Disable the Auto-Play Feature for Thumb-Drive Programs on Windows XP: Many hackers attempt to spread malware and viruses by engineering the software to migrate to thumb drives—which are often used interchangeably among many computers. The problem with that scenario is that Windows XP is programmed to “autoplay” any program resident on a thumb drive—whether it’s legitimate or malicious.
“The idea that someone can simply take a thumb drive from a friend or family member, insert it into a computer and then watch everything go bye-bye is a pretty scary oversight,” said Jay Correia, senior production coordinator at DreamCo Design.
IT managers should double-check that autoplay for programs on thumb drives is disabled on Windows XP. As for the new Windows 7, autoplay for programs on thumb drives is thankfully disabled by default.

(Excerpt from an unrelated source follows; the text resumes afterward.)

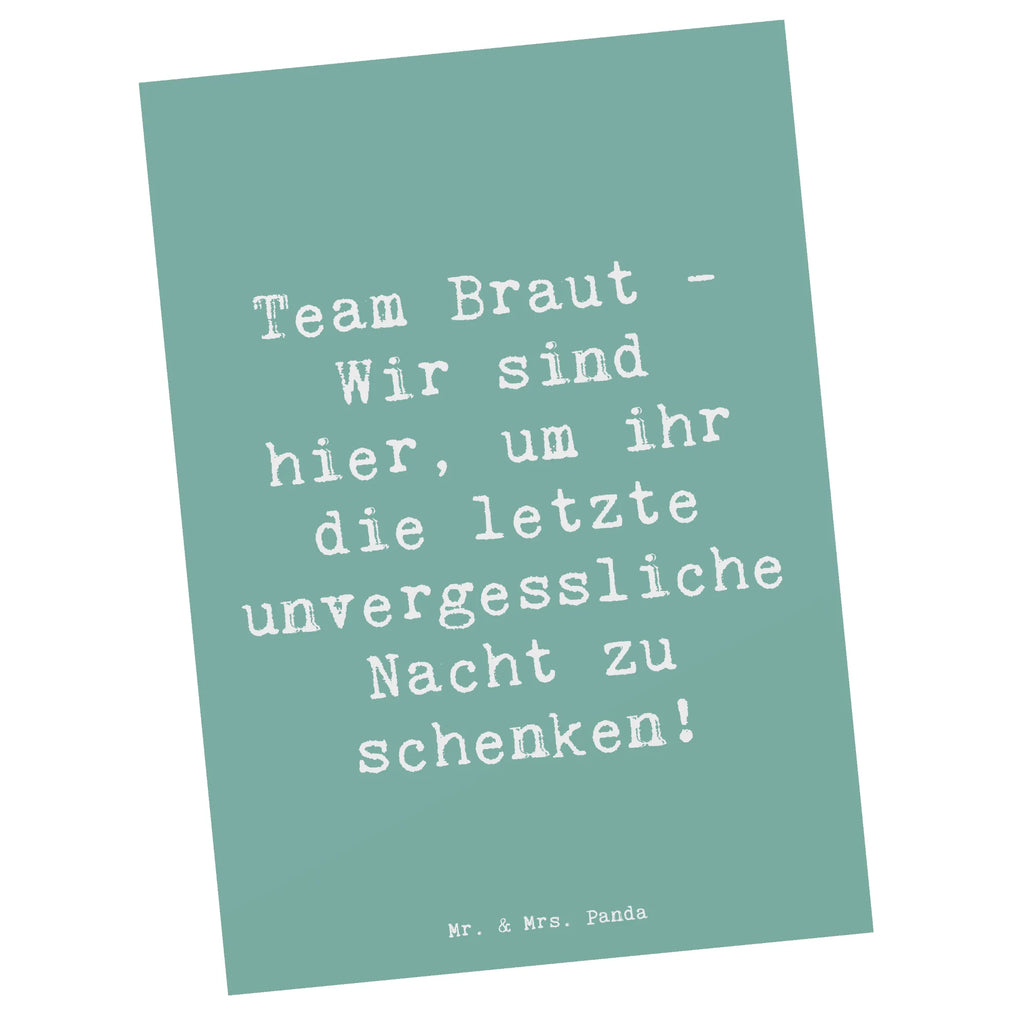 Postcard Saying Team Braut - Wir sind hier, um ihr die letzte unvergessliche Nacht zu schenken! Dankeskarte, Postkarte, Einladung Geburtstag, Einladung, Karte, Geburtstagskarte, Einladungskarten Geburtstag, Ansichtskarten, Grußkarte, Geschenkkarte, Einladungskarte, Ansichtskarte, Hochzeit, Hochzeitsgeschenk, Ehe, Hochzeitsfeier, Trauung, Trauungsgeschenk, Hochzeitskarte, Verlobungsfeier, Verlobungsgeschenk, Hochzeitsgeschenkideen, Hochzeitsgeschenke für Brautpaar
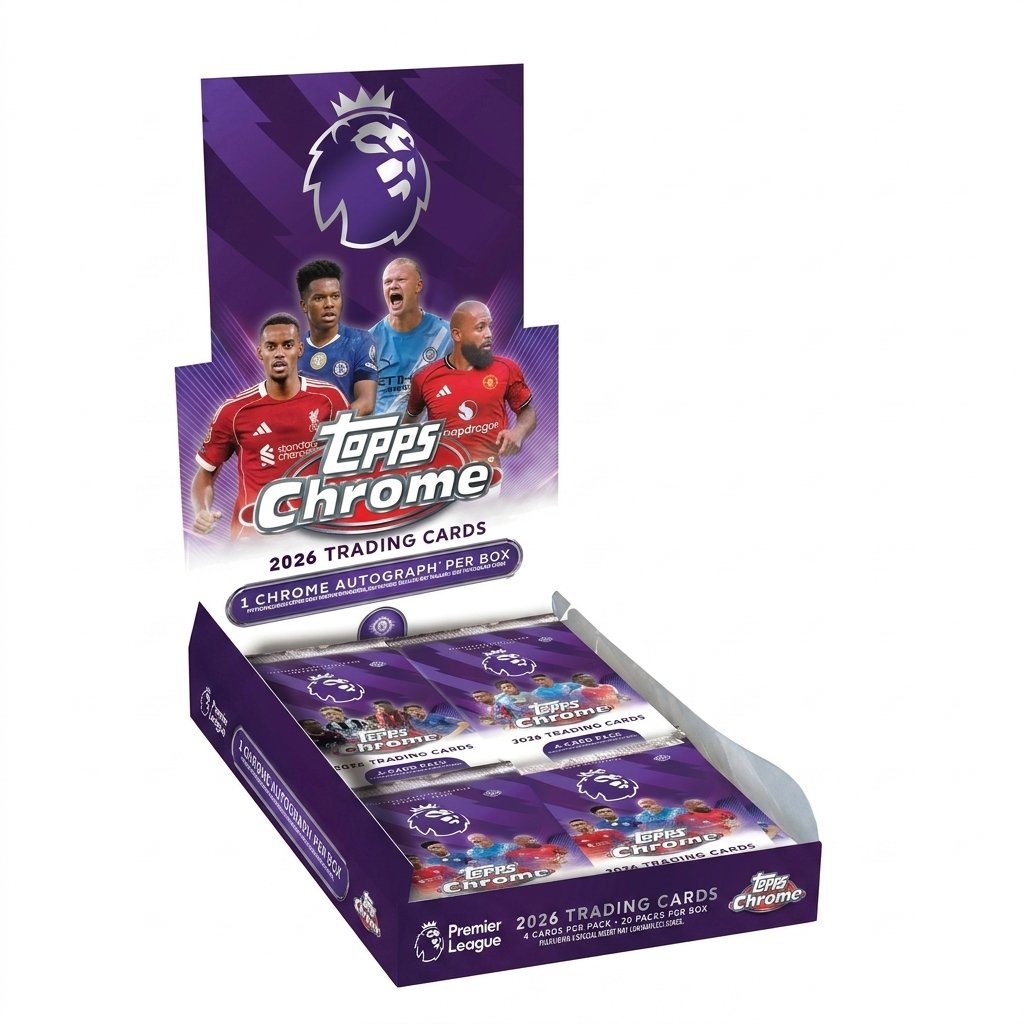 Topps Chrome® Premier League 2026 Hobby Box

Warn Employees About Porn-Dialers on Phones: Watching porn on the job can become a double-whammy for employees if they’re hit with embedded dialer programs posing as porn videos, software or utilities. When they are activated on a company mobile phone, these programs auto-dial expensive porn numbers owned by cybercriminals. They are then billed to the company as if they’re legitimate businesses.
Adopt Zero-Tolerance for Software Not Approved by Your Firm: “Companies should not allow individuals to install any software without management permission, and that should be stated clearly to employees upon being hired,” Correria said.
Take Heart That Sometimes the Good Guys Do Win: This past December, Albert Gonzalez pled guilty to masterminding the hacking of T.J. Maxx, Heartland Payment Systems, 7-Eleven and the supermarket chain Hannaford Brothers. He faces a prison term of at least 17 years, according to Sophos.